Storm warnings of the United States Weather Bureau are displayed along the coast at several stations. See page 9.

DELAWARE BAY AND RIVER

[Charts 1218, 294, 295, 296, and 280]

form the boundary between the State of New Jersey on the east and the States of Delaware and Pennsylvania on the west. They are the approach to the cities of Wilmington, Chester, Philadelphia, Camden, and Trenton, and to many smaller cities and towns, and they have a large trade carried both in foreign and domestic vessels. Philadelphia, one of the important ports of the United States, and Trenton, the head of navigation, are 88 and 116 miles, respectively, above the entrance. The main entrance near Cape Henlopen is available for vessels of any draft. (See "Channels," following.) Vessels of 7 feet (2.1 m.) draft can pass from New York Bay to Delaware Bay through the Delaware & Raritan Canal, and vessels of 12 feet (3.6 m.) draft can pass from Chesapeake Bay to Delaware River through the Chesapeake & Delaware Canal. The route from New York Bay through Delaware River to Chesapeake Bay is described under the heading "Inside route, New York to Norfolk," on page 244.

Delaware Bay is, properly speaking, only an expansion of the lower part of the Delaware River. The dividing line is 44 miles above the entrance and extends from a monument lying 300 yards northwestward of Liston Point to a monument lying eastward of the south point at the entrance of Hope Creek.

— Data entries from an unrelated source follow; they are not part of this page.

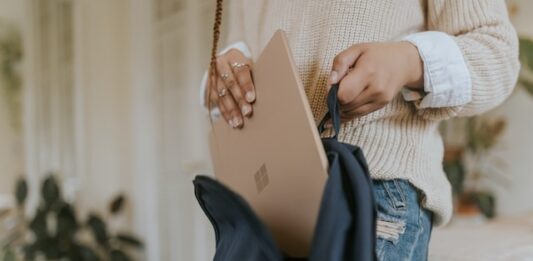 Przegląd różnych rodzajów toreb i plecaków na laptopa: Najlepsze torby i plecaki na laptopa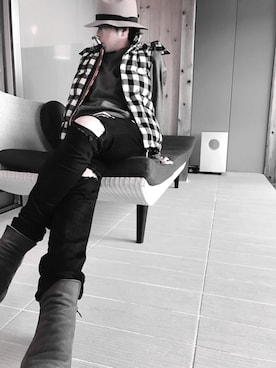 「MONCLER V（モンクレールブイ）のアイテム」を使った、YMDMさん（メンズ・171cm）の冬コーディネート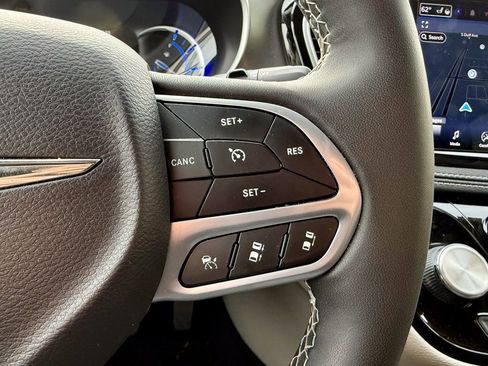 Used 2024 Chrysler Pacifica Select image 21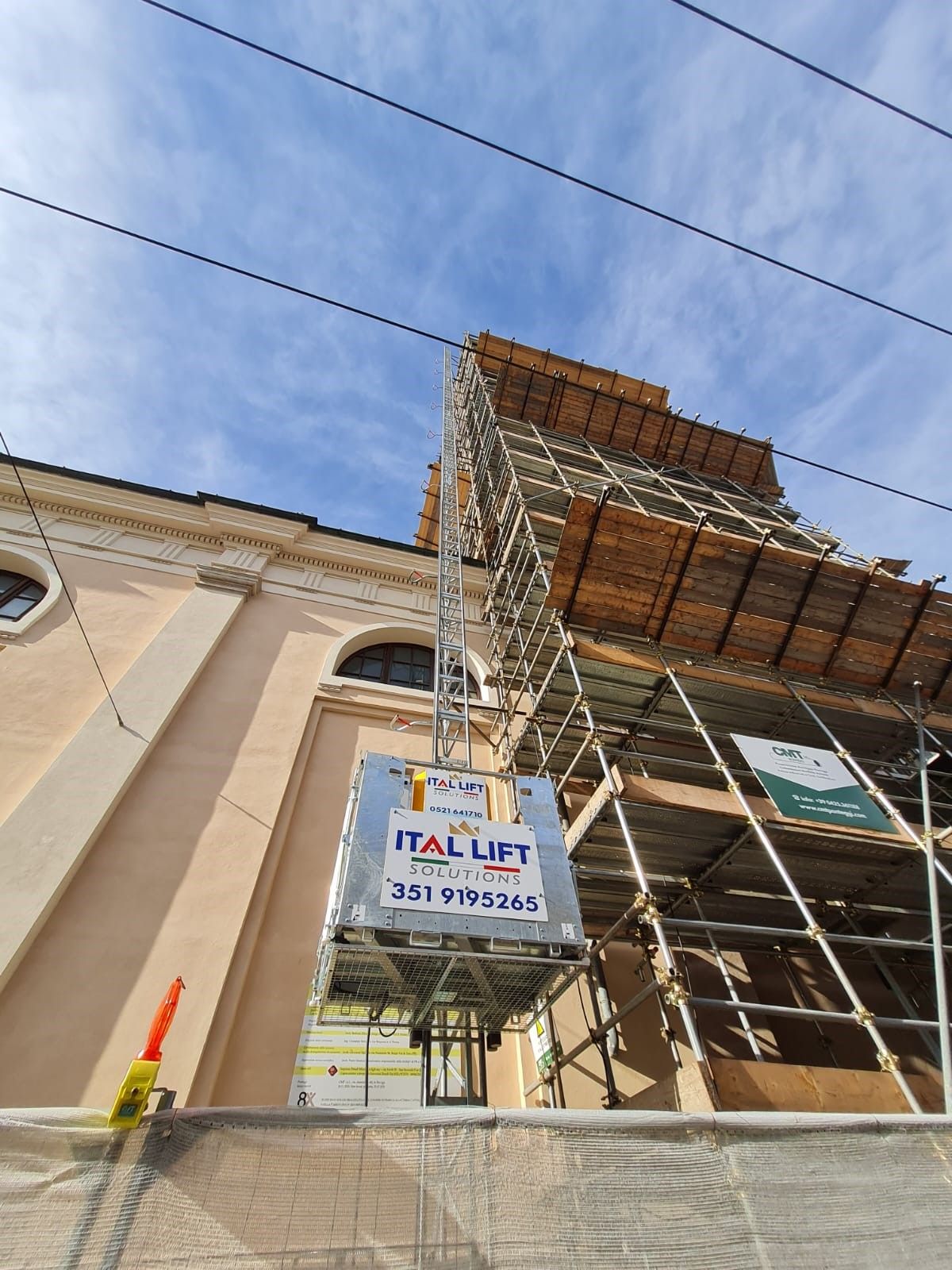 noleggio di montacarichi per l'edilizia di Ital Lift Solutions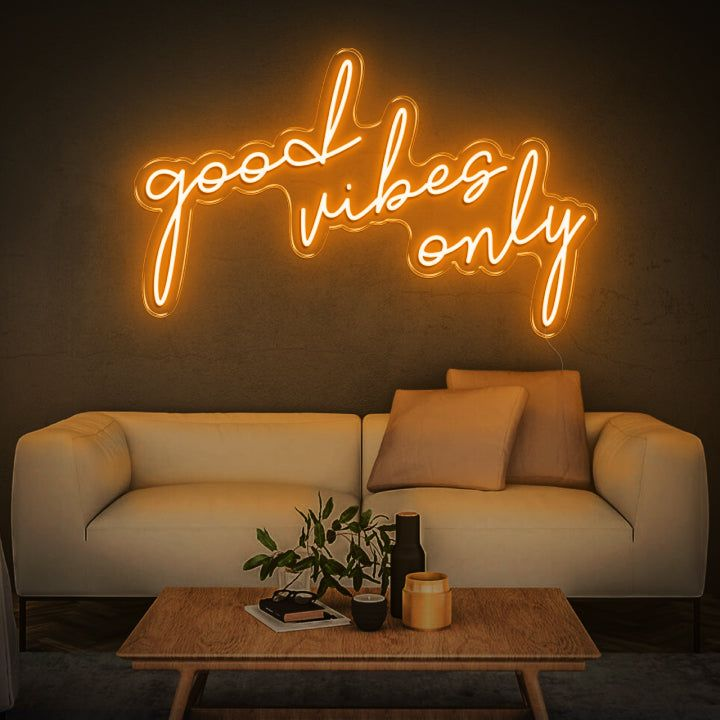 Fondo de sala de estar con texto LED de neón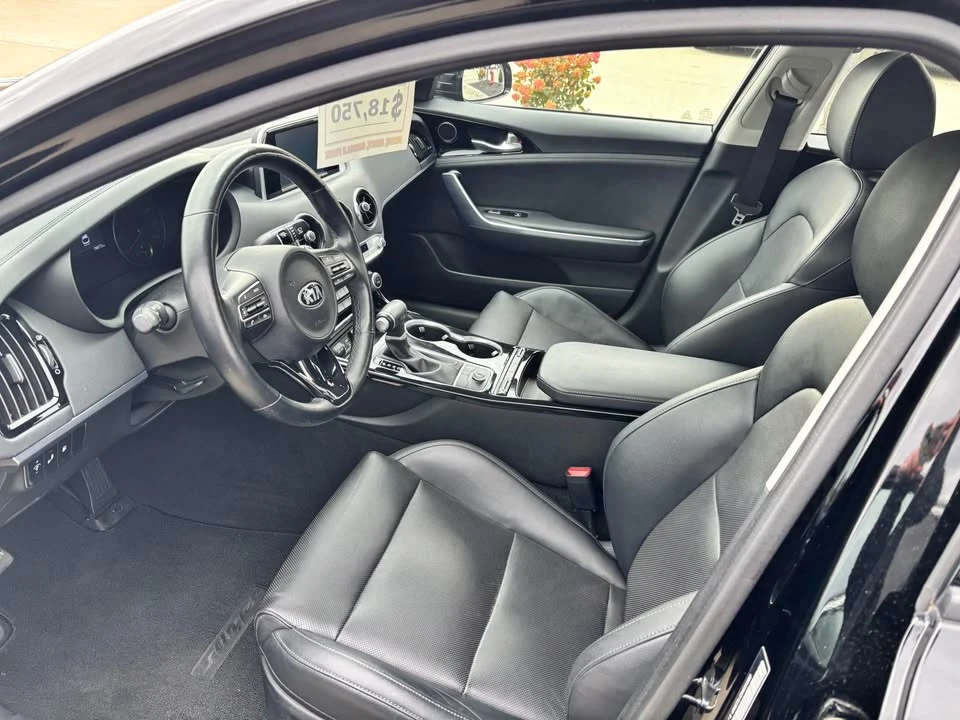 2019 Kia Stinger - Image 8 of 16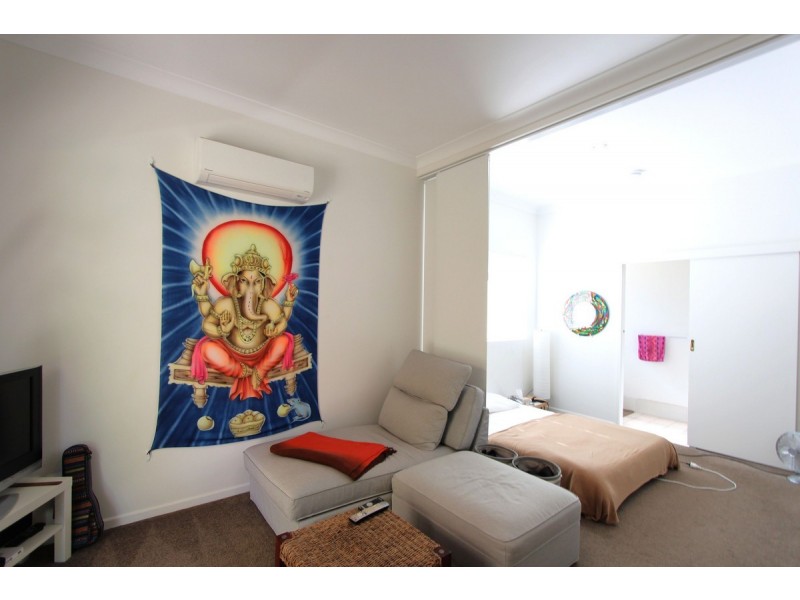 5A/30 Government Road, Labrador QLD 4215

Except at the entrance, Delaware Bay is bordered on both sides by wide areas of marsh, and there are no towns of any size on its shores. Detailed descriptions of the shores and tributaries are given under the headings "Delaware Bay, eastern side," and "Delaware Bay, western side."

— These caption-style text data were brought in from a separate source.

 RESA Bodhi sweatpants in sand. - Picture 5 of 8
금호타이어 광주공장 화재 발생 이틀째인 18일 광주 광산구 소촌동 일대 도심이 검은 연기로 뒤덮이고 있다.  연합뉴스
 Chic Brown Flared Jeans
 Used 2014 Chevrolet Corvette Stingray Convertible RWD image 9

Channels.-The main entrance to the bay, which is used by deepdraft vessels and strangers, has a clear width of over 212 miles between Cape Henlopen and the shoals, which extend 7 miles southsouthwestward from Cape May Point.

The bay is shoal along its eastern and western sides, and there are extensive shoal areas close to the main channel through the center of the bay, but a channel with a depth of 33 feet (10 m.) or more leads from the entrance to the lower end of the dredged channel near the head of the bay. The least width (about 1/4 mile between the 30-foot (9.1 m.) curves) is abreast Elbow of Cross Ledge Lighthouse. The channel is well marked by lighthouses and buoys, but strangers in deep-draft vessels should not attempt to enter by night.

Improvements are in progress to secure a channel 35 feet (10.6 m.) deep from that depth in Delaware Bay to Allegheny Avenue (upper end of Port Richmond), Philadelphia, 800 feet wide in the straight reaches, 1,200 feet wide at Bulkhead Bar, 1,000 feet wide in the other bends, and 1,000 feet wide from abreast Gloucester to Allegheny Avenue. The latest examinations show a depth of 32.5 feet (9.8 m.) or more on the center line throughout the entire length of the channel.

The minimum depth on the ranges of 32.5 feet (9.8 m.) (reported in January, 1930), was on a small gravel shoal near the upper end of East Horseshoe Range.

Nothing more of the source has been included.